Nada de eso ha sucedido porque hace tiempo que este sistema corrupto le robó a la sociedad argentina uno de sus más preciados patrimonios culturales. Hace ya muchos años que las familias no pueden ir a los partidos de fútbol porque los hinchas violentos, amparados y fomentados por los dirigentes, se han adueñado de los estadios. Hace tiempo que los aficionados no pueden ir a los partidos que sus equipos juegan en estadio ajeno. Hace tiempo que la selección argentina deambula por las competiciones internacionales sin timón y sin proyecto dilapidando el prestigio ganado por los mejores jugadores que ha dado este deporte. Hace tiempo que los mejores jugadores son vendidos a los clubes más poderosos del mundo cuando apenas son unos adolescentes en formación en un gigantesco negocio del que se lucran dirigentes, representantes y comisionistas mientras los equipos en los que se han formado no consiguen salir de la bancarrota.
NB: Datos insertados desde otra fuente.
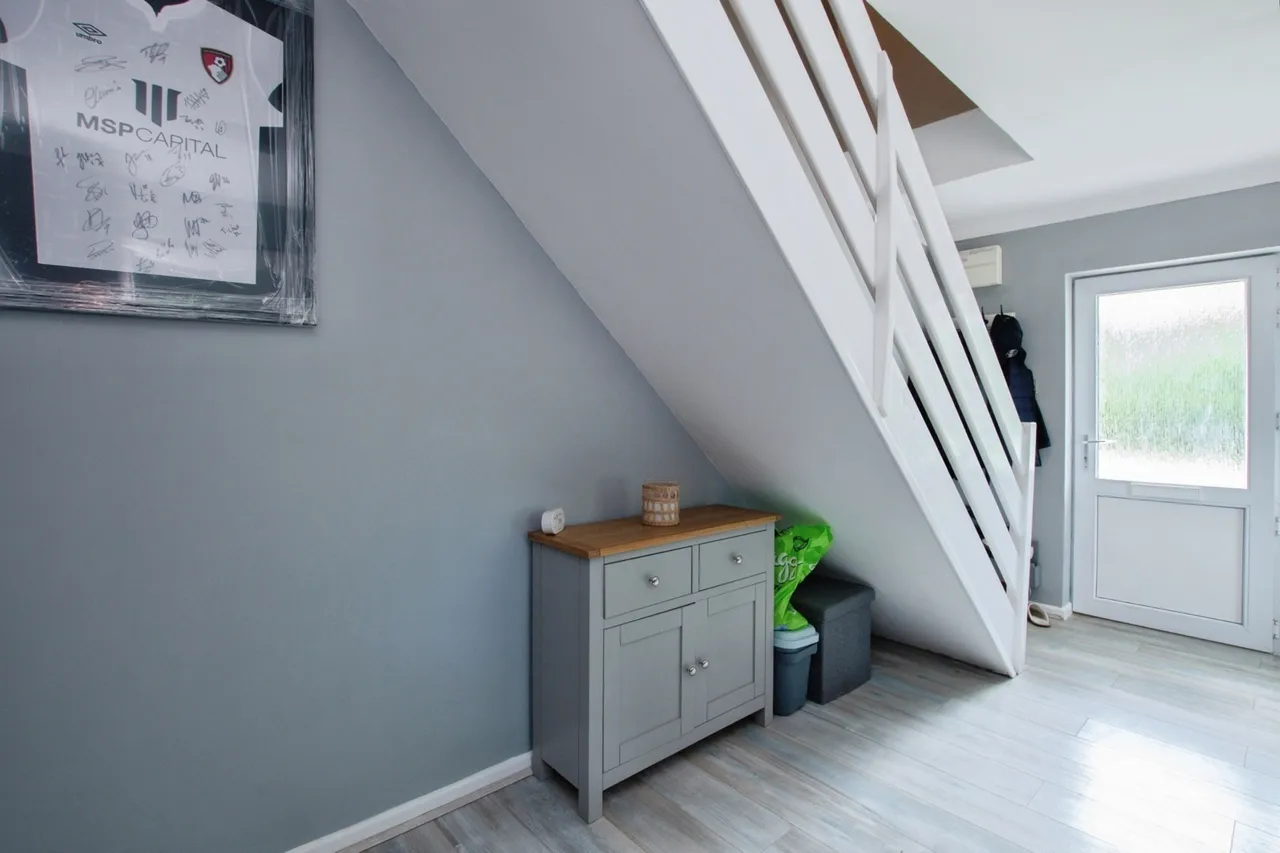 Bovington Close, Canford Heath, BH17, photo 6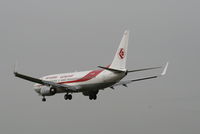 7T-VKA @ EBBR - flight AH2060 is descending to rwy 25L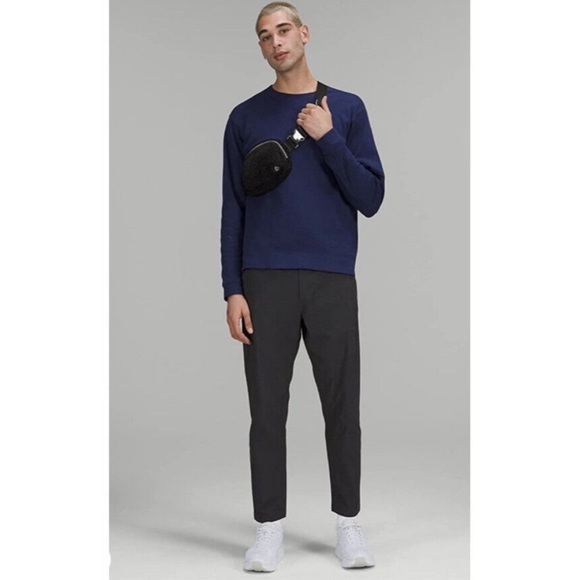 NWT Fleece Black Lululemon  Everywhere Bag- Black with Gold hardware! - Picture 4 of 6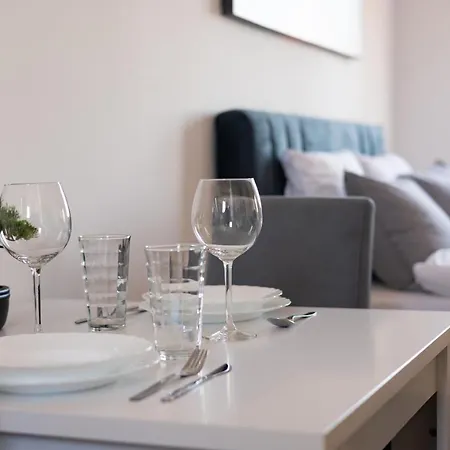 Altina Connect - New, Parking, Netflix Beograd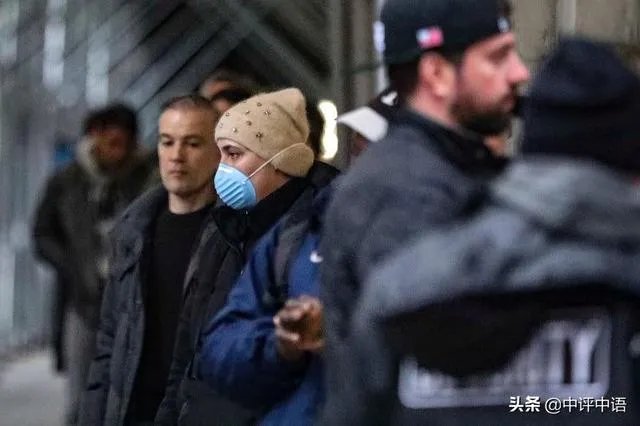 美国确诊人数从前天的35000直降到26000,是真的吗?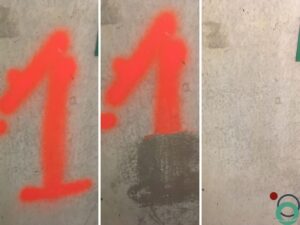 Muur met verf links nog volledig zichtbaar en rechts gedeeltelijk verwijderd met Chemifor Stripper DG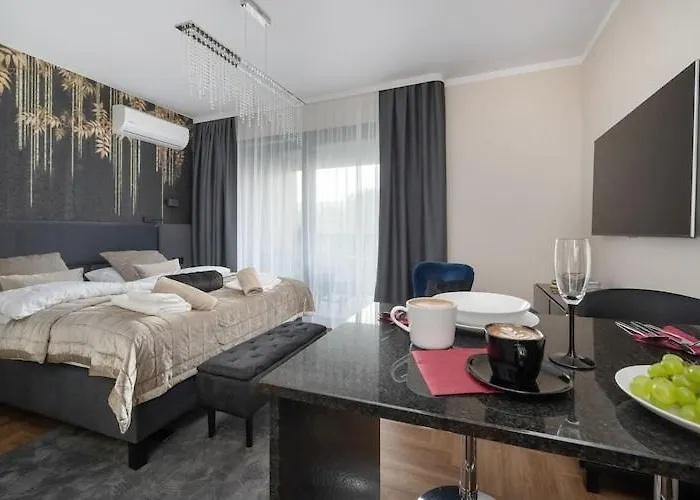 With Balcony, Indoor Pool, Sauna * Polanica-Zdrój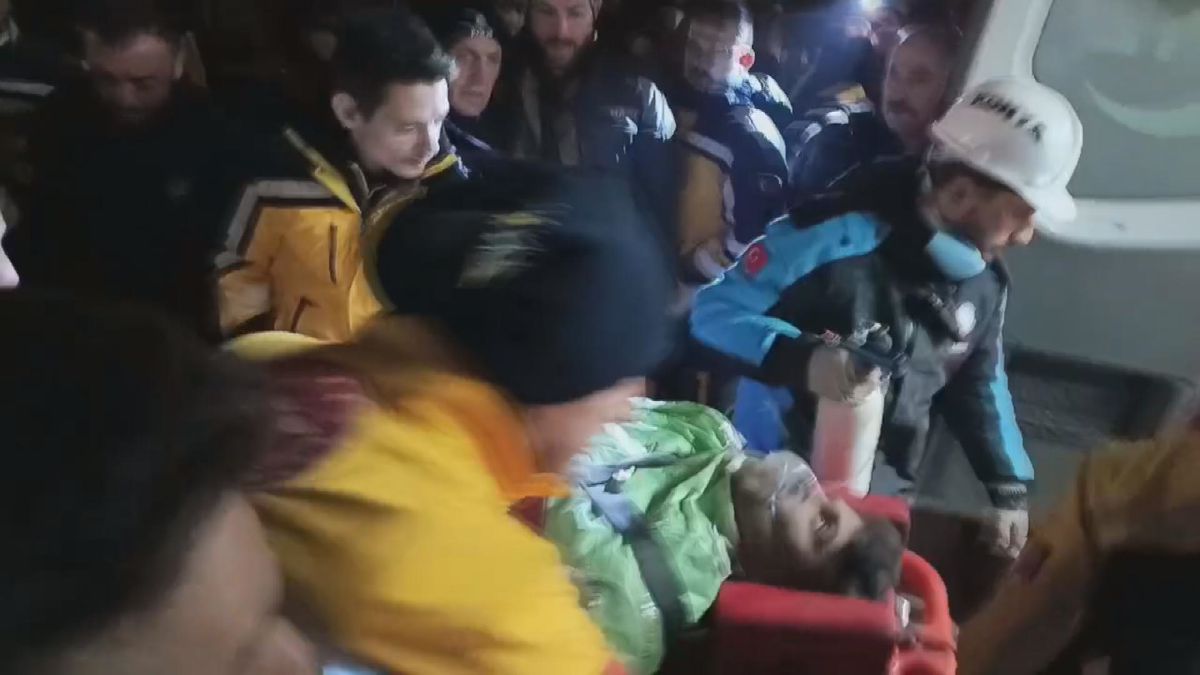 Konya\'da Çöken Binadan Amca ve Yeğen Sağ Olarak Kurtarıldı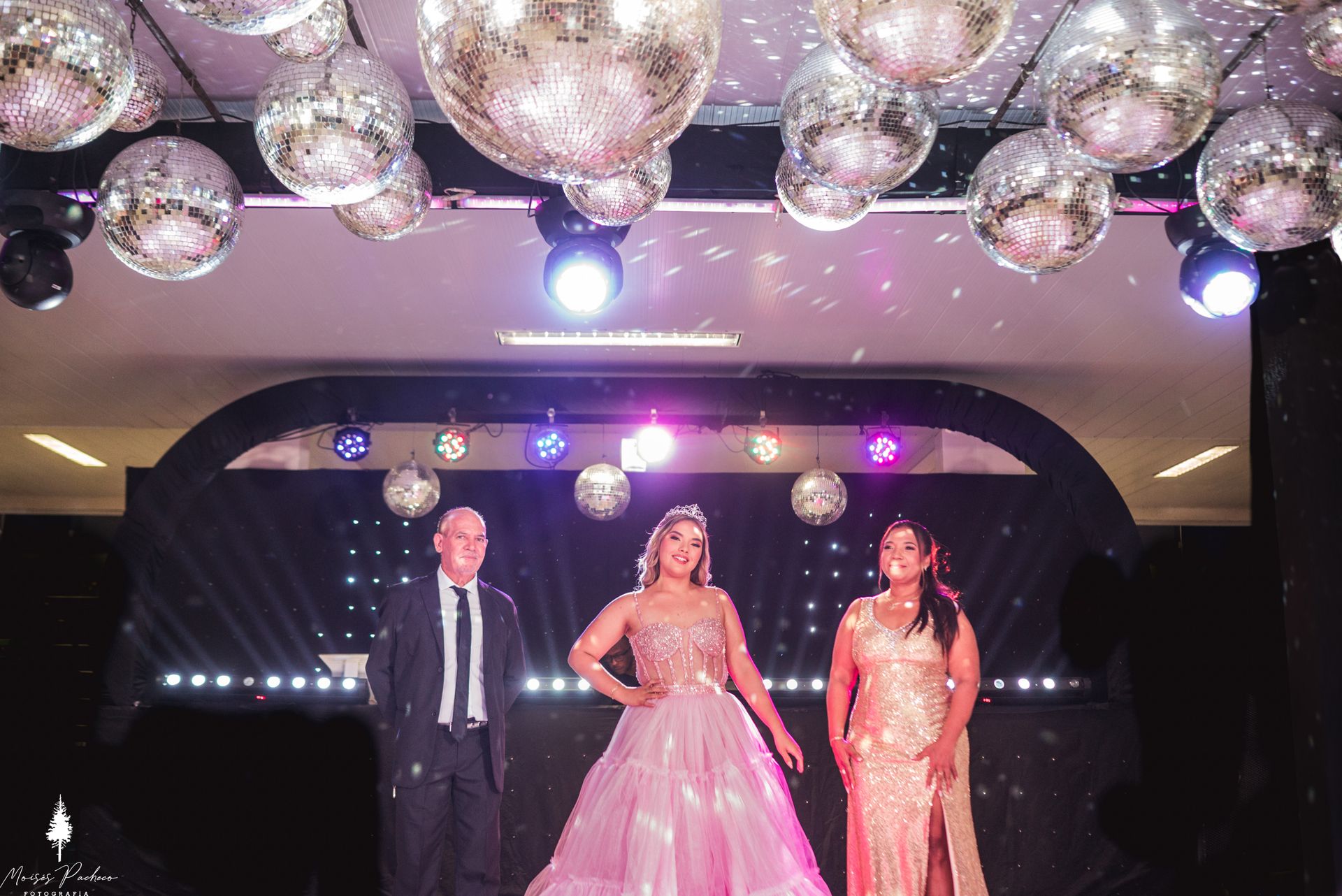 Festa de 15 anos em Coronel Fabriciano - 2 - 29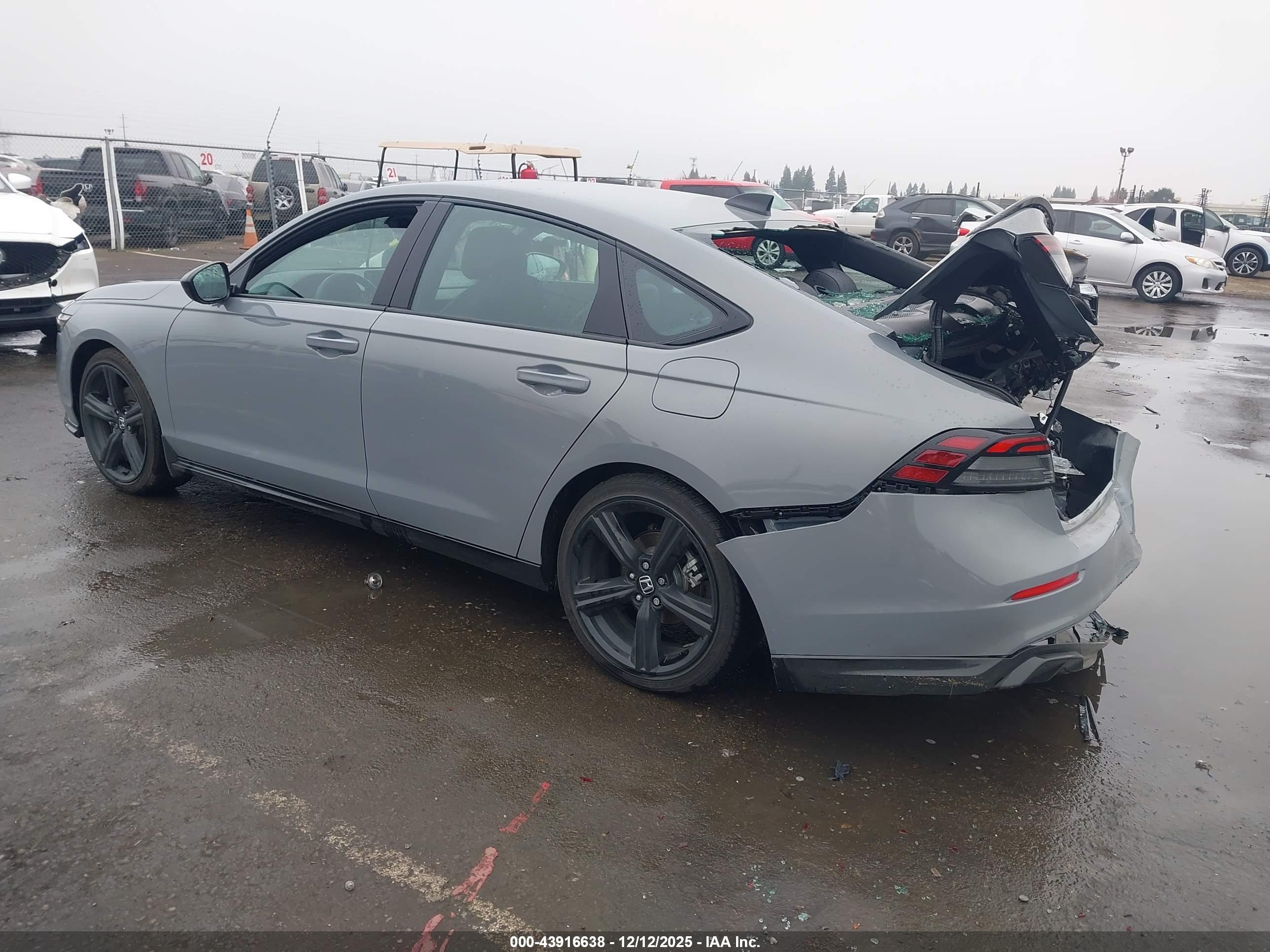 HONDA ACCORD image 3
Por eso no debe sorprender que el negocio se haya impuesto a las normas, a la decencia y a la tradición y la final haya viajado a Europa. Si el partido puede jugarse con público, ¿dónde quedan los derechos de los 60.000 hinchas de River que pagaron su entrada y esperaron durante seis horas en el estadio a que el partido se jugara?
Con un cinismo marca de la casa, el presidente de la Confederación Sudamericana dijo el jueves que el partido podrán verlo hinchas de River y de Boca. Olvidó matizar que el 99 por ciento de los argentinos no pueden permitirse un viaje transoceánico para ver un partido de fútbol.
El Gobierno español, el Ayuntamiento de Madrid, la Federación Española de Fútbol y el Real Madrid sabrán por qué han aceptado este reto. Es verdad que el riesgo es mínimo, no porque España sea un país seguro, que lo es, sino porque en Argentina la violencia en el fútbol es un negocio (las barras bravas controlan el merchandising falso, los aparcamientos los días de partido, la reventa de entradas y la venta de drogas en las gradas) que se basa en la impunidad y en la complicidad policial, y de nada de eso disfrutarán en Madrid. Si se produce alguna pelea o incidente, la culpa será de los hinchas argentinos; si todo va bien, el mérito será de las autoridades españolas. En ambos casos, los verdaderos culpables, los que han acabado con el fútbol argentino, lo estarán mirando desde el palco del Bernabéu. Que no cuenten conmigo.